Why do kindergarten children bite?Whether you have to worry about biting your kindergarten child depends very much on the age and development of the child. Sometimes it's just a phase.
If an infant who is still younger than two years bites, it is still ""age-appropriate behavior."" A two-year-old child can not yet understand that it hurts someone else. It does not learn until the third year of life. In this time, the biting will usually stop by itself.
At least at kindergarten age, healthy children can put themselves in someone else's heart and empathize with others. They know that biting hurts. Since it can be extremely painful and even cause serious injury, you should not tolerate it.

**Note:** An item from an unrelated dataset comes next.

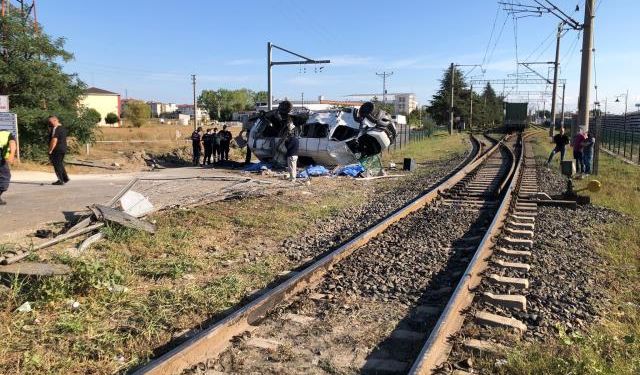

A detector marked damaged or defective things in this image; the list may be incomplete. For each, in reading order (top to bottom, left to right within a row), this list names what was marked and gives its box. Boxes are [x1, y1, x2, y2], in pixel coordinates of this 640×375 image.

Should it happen, you need to react immediately, preferably with a break. To do this, talk to your child plain text: ""Biting is absolutely not alright. That hurts. I will not tolerate that! ""
Help the victim!
The bitten child may need medical help as well as understanding and comfort. So, see if the wound needs to be taken care of!
Talk about what happened!
When both children have calmed down, you can choose a favorable moment to practice a better solution. You may ask, ""What are you doing if you do not want Lena to play with your car? ""And:"" What do you say to your governess when another child was mean to you? ""Practice simple role-playing games:"" I'm Tom from kindergarten now and take your teddy away. What can you do? "". Her child learns sentences that she can use later: ""No, I do not want that. """" Give me that back! "" ""Leave me alone! ""Many kindergarten children bite just once, then get shown how to handle it differently and never do it again.
Never bite back!
Some parents believe that biting back would show your child how much it hurts. In fact, it only shows your child the wrong way to deal with aggression - that is, to be just as aggressive. Even if parents do not really bite firmly, this can keep their child biting. So do not bite your child - not even in fun!
Encourage your child to come to you when it's sad or angry!
You can not always be with your child - for example, not in kindergarten, when it may experience difficult days there - and it should therefore learn that adults can ask for help.Also tell him that it can always come to you when something is difficult or when it is sad. Take your time and listen carefully to your little one!
Talk to the kindergarten teacher!
You should know the environment in which your child spends his time. Are the educators engaging in aggressive behavior (whether it's biting, hitting, or constantly teasing)? And what do you do then? You should not leave your child anywhere where the motto is: here is the right of the fittest.
Ask specifically: How does the educator react to biting or other aggressive behavior? This has two advantages: First, kindergarten teachers often have good solutions to behavioral problems - tips that you can also try at home. And secondly, find out if the measures of the kindergarten on aggressive behavior meet your expectations.